Stories
Slash Boxes
Comments

SoylentNews is people

posted by Fnord666 on Monday February 24 2020, @09:52AM   Printer-friendly
from the cutting-through-the-noise dept.

Mathematicians propose new way of using neural networks to work with noisy, high-dimensional data:

Mathematicians from RUDN University and the Free University of Berlin have proposed a new approach to studying the probability distributions of observed data using artificial neural networks. The new approach works better with so-called outliers, i.e., input data objects that deviate significantly from the overall sample. The article was published in the journal Artificial Intelligence.

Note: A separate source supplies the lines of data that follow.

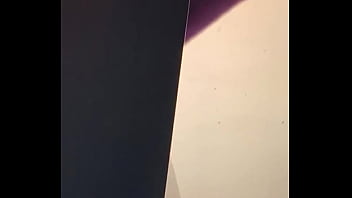 Light skin fingering till she cums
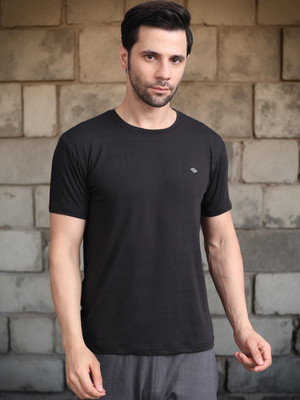 Bamboo Breeze Self Design, Printed Men Round Neck Black T-Shirt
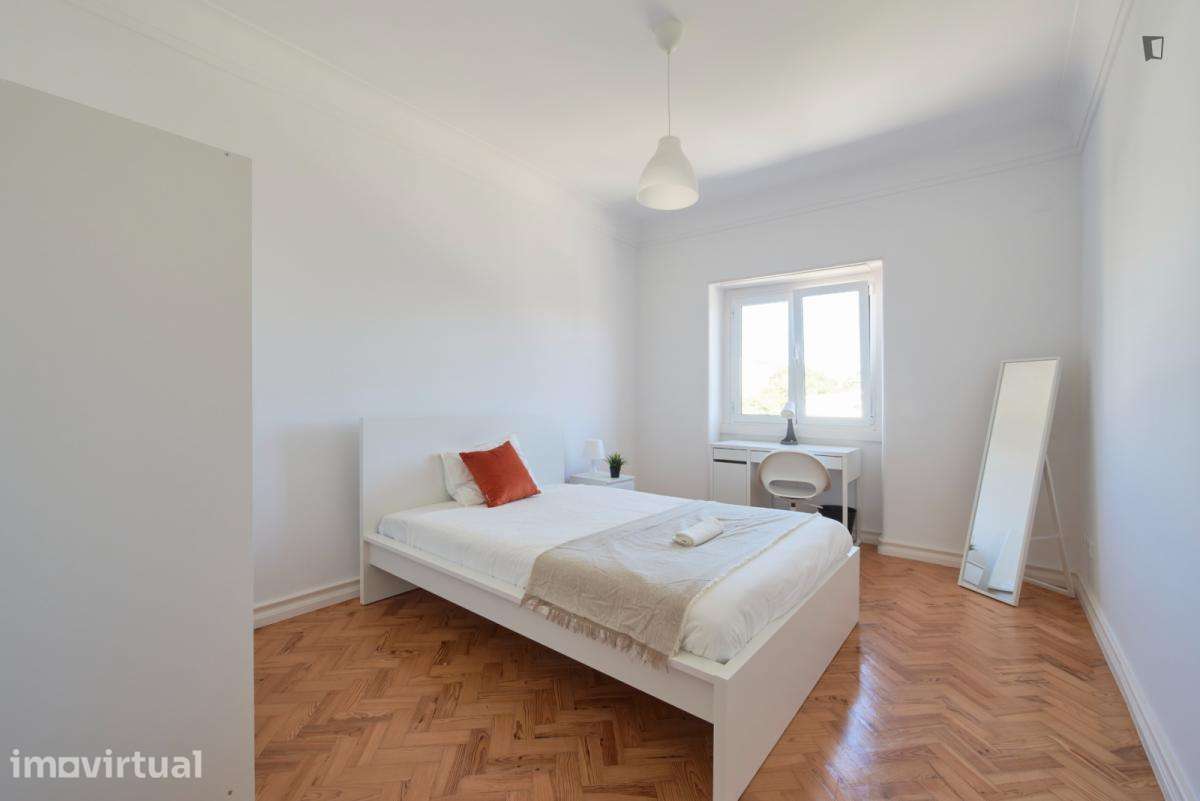 Quarto - localizado em Entrecampos Lisbon - Grande imagem: 5/31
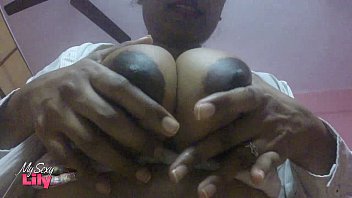 Gadis India Lily Dengan Payudara Besar Dan Montok Yang Menggoda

The restoration of the probability distribution of observed data by artificial neural networks is the most important part of machine learning. The probability distribution not only allows us to predict the behaviour of the system under study, but also to quantify the uncertainty with which forecasts are made. The main difficulty is that, as a rule, only the data are observed, but their exact probability distributions are not available. To solve this problem, Bayesian and other similar approximate methods are used. But their use increases the complexity of a neural network and therefore makes its training more complicated.

RUDN University and the Free University of Berlin mathematicians used deterministic weights in neural networks, which would help overcome the limitations of Bayesian methods. They developed a formula that allows one to correctly estimate the variance of the distribution of observed data. The proposed model was tested on different data: synthetic and real; on data containing outliers and on data from which the outliers were removed. The new method allows restoration of probability distributions with accuracy previously unachievable.

Pavel Gurevich et al.Gradient conjugate priors and multi-layer neural networks, Artificial Intelligence (2019). DOI: 10.1016/j.artint.2019.103184


Original Submission

This discussion has been archived. No new comments can be posted.
Display Options Threshold/Breakthrough Mark All as Read Mark All as Unread
The Fine Print: The following comments are owned by whoever posted them. We are not responsible for them in any way.
(1)
  • (Score: 2, Funny) by shrewdsheep on Monday February 24 2020, @12:32PM (6 children)

    by shrewdsheep (5215) on Monday February 24 2020, @12:32PM (#961795)

    The article is a rather technical piece dealing with how the posterior distribution is approximated in Bayesian models. The authors propose a modification in a standard iterative procedure which they praise in usual academic style. The neural network part is a simple (or poor, depending on POV) bait and serves to increase the appetite of the target journal.

    Maybe the submitter can elaborate?

    • (Score: 3, Interesting) by opinionated_science on Monday February 24 2020, @12:53PM (5 children)

      by opinionated_science (4031) on Monday February 24 2020, @12:53PM (#961800)

      I read the paper and my first thought was they were generalising something we *currently* to by empirical means.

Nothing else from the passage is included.